_Your instructions_
Would you please repeat, word for word, only the lines from the one holding "istock Kid boy" through the one holding "Golden geometric crystal" in the material below, without the pictures?

_Listed records_
= = = =

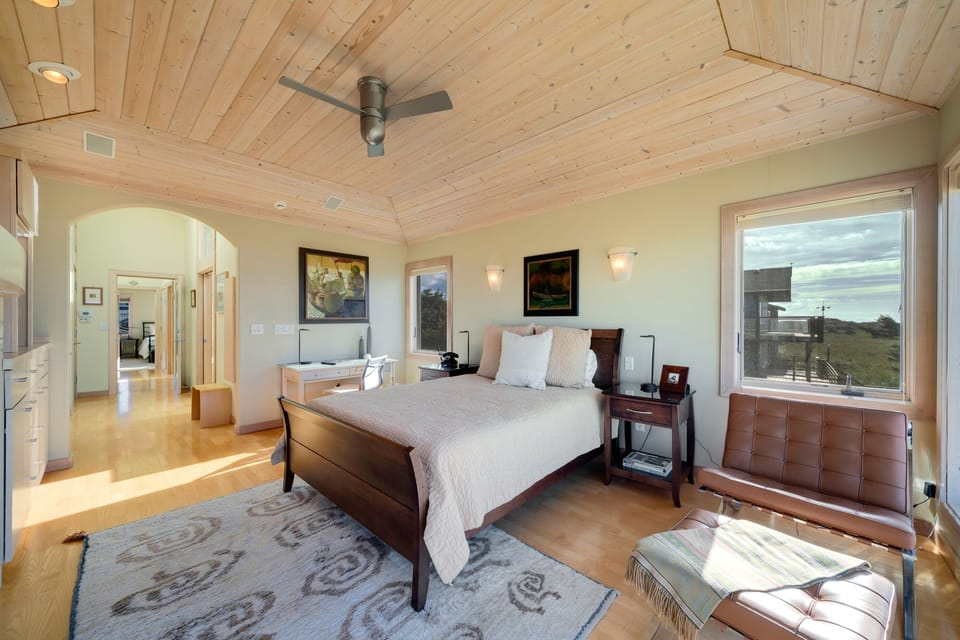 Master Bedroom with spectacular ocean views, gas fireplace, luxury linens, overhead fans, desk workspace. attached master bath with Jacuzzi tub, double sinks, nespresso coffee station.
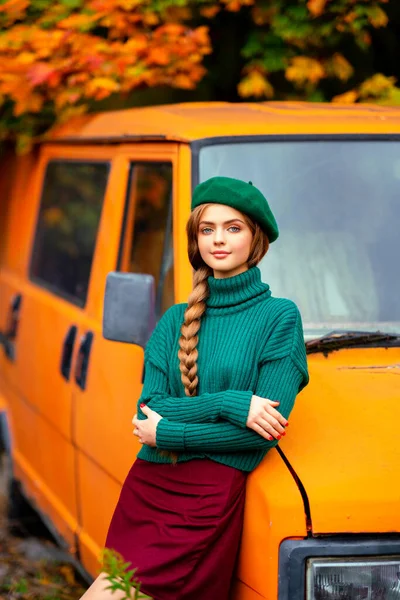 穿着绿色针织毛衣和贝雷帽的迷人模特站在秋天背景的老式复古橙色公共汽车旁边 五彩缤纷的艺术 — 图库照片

= = = =

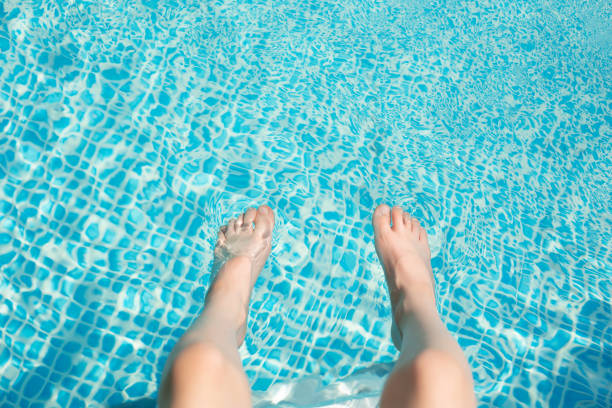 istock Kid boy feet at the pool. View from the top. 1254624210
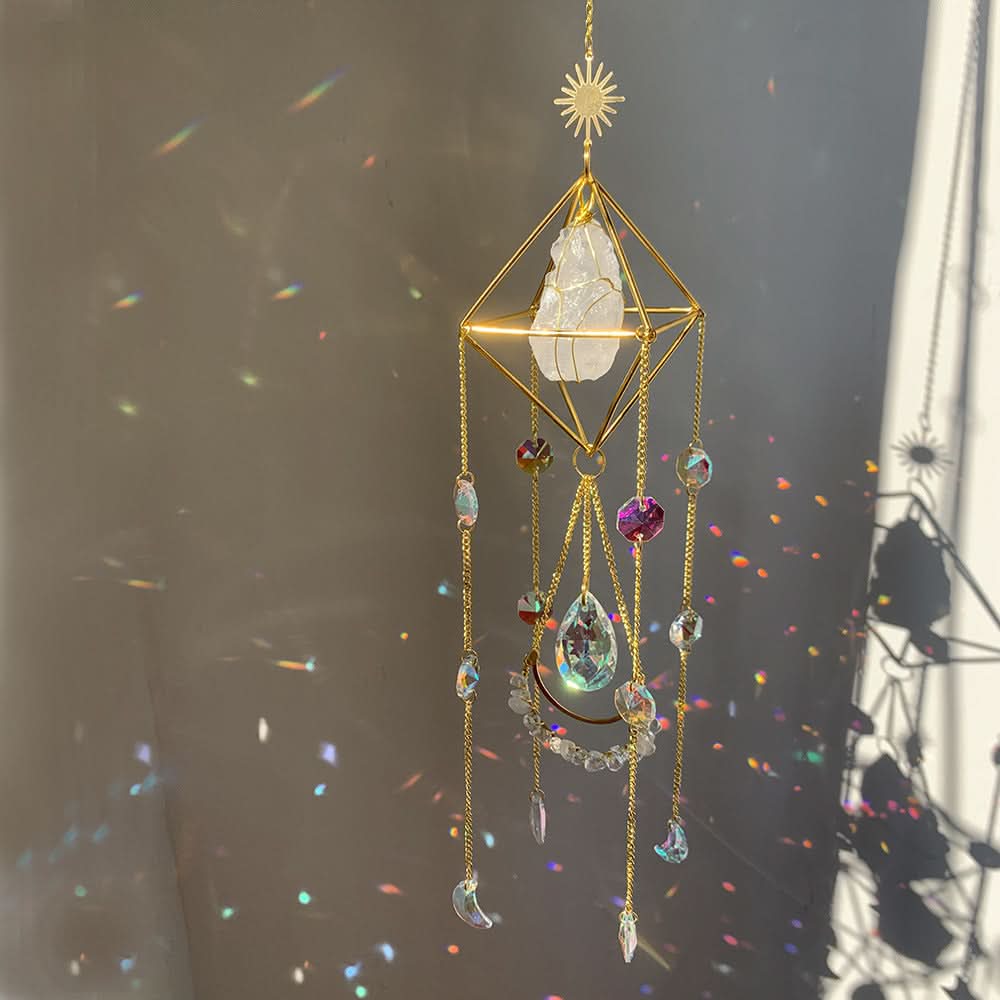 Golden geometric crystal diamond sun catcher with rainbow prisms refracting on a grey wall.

= = = =

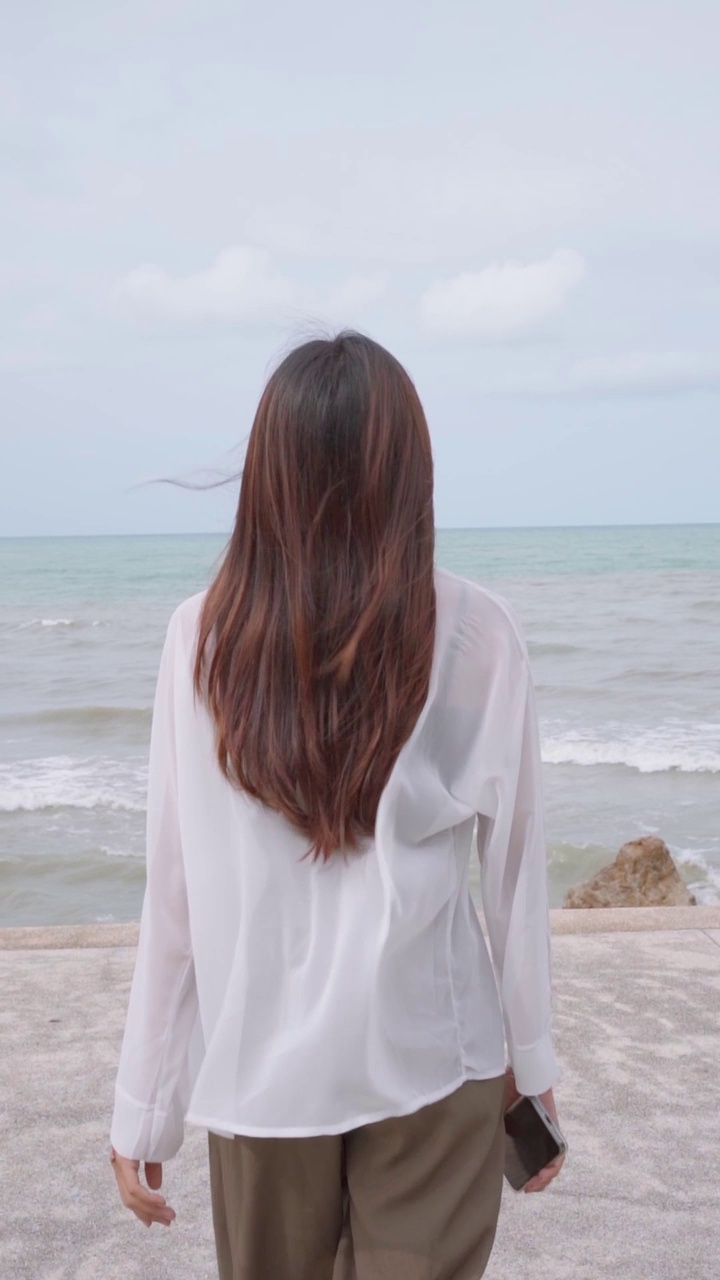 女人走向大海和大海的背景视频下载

= = = =

_Result of the task_
 istock Kid boy feet at the pool. View from the top. 1254624210
 Golden geometric crystal diamond sun catcher with rainbow prisms refracting on a grey wall.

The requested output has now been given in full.